Exercise prompt:
Reproduce the material below only from the line with "Pair of 17th" to the line with "Yellow Green Plaid", both included, keeping each line exact and dropping the pictures.

[Records Boundary: Start]

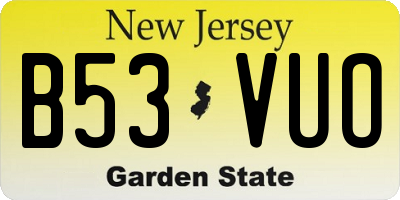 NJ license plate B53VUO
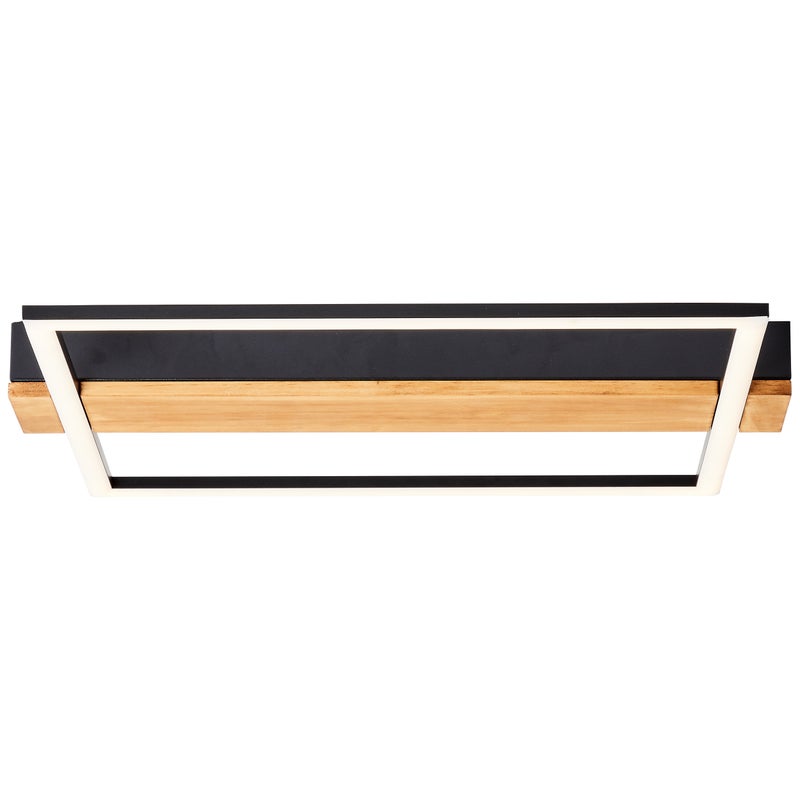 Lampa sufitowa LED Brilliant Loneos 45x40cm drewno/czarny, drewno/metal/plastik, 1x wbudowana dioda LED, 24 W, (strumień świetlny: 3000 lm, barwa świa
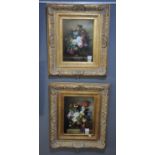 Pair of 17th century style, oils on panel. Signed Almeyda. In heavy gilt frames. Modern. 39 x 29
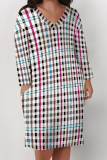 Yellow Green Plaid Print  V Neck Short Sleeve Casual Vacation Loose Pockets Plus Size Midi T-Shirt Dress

[Records Boundary: End]
[Records Boundary: Start]

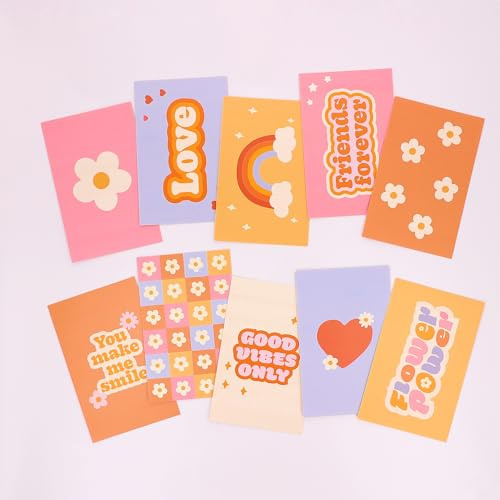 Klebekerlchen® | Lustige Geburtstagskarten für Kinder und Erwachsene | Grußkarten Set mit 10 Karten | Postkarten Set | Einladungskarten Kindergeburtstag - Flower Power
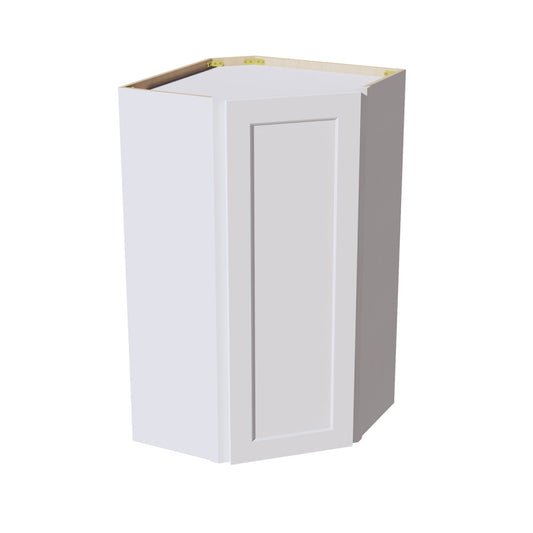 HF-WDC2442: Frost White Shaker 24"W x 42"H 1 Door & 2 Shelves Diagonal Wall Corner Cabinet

[Records Boundary: End]

Answer to this task:
 Pair of 17th century style, oils on panel. Signed Almeyda. In heavy gilt frames. Modern. 39 x 29
 Yellow Green Plaid Print  V Neck Short Sleeve Casual Vacation Loose Pockets Plus Size Midi T-Shirt Dress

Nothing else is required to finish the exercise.